Qlik Sense On-Premises
Users will be able to filter objects based on the stream to which they belong, making it easier to organize and locate relevant content.
MySQL parser
We improved the MySQL parser to support automatic data lineage based on stored procedures and functions. Now, when a stored procedure or function in MySQL dialect (like MySQL or MariaDB) uses statements like INSERT
or UPDATE
to modify data in a table, Dataedo will automatically create data lineage.
Read more details here.
Import process speed improvements
We have made significant improvements to the import process speed. Those improvements were made in scripts that are responsible for loading metadata into the Dataedo repository.
Dashboards improvements
In version 25.1, we’re introducing several improvements to the existing dashboards:
- Links to data sources, databases, reports, and other repository objects
- Data bars for columns with numeric data
- Avatars and more informative tooltips in dashboards that display repository users
Deleting Domains from Dataedo Portal
In previous versions, deleting domains and areas was only possible in the Dataedo Desktop. Our goal is to enhance the Dataedo Portal by adding missing functionalities that were previously available only in the desktop version. From now on, after navigating to a selected domain or area, you can click on the menu under the three dots next to the name and delete a specific domain.

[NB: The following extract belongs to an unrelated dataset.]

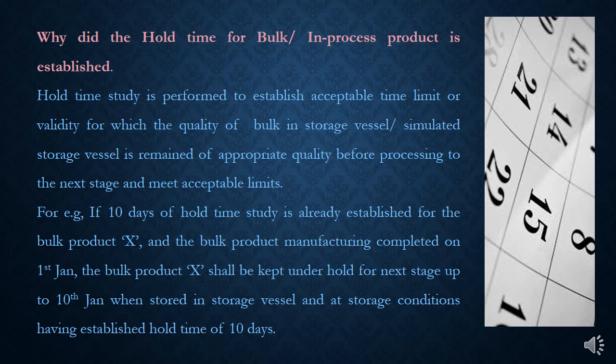For example, if 10 days of hold-time study is already established for bulk product X in storage vessel SS001 at not more than 25 degrees centigrade, then if one batch of bulk product X shall be kept under hold for packaging up to 10th August 2021, when stored in storage vessel SS001 at storage conditions not more than 25 degrees centigrade.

Agent installer improvements
The Agent is now installed as a standalone .exe file and includes a portable version of the app. The Desktop ZIP file downloaded from https://dataedo.com/download for the Dataedo Desktop portable version now includes the app files directly, removing the extra Dataedo
folder. Previously, the ZIP file contained a directory called Dataedo
, which stored the app files.
Multiple agents can be installed, each requiring a unique encrypted connection string. Users can now specify the installation path during setup for added flexibility.
Steward Hub removed from Dataedo Desktop
With the release of version 25.1.0, we are removing Steward Hub from Desktop. Moving forward, we’ll focus on introducing new types of suggestions to Steward Hub in the Portal.
UX/UI changes
With each major version, we enhance our UI to make it more modern, consistent, and user-friendly. Here are some of the improvements in this release.
Community redesign
We’ve redesigned our community! You can now access it from the right sidebar and next to the object's name.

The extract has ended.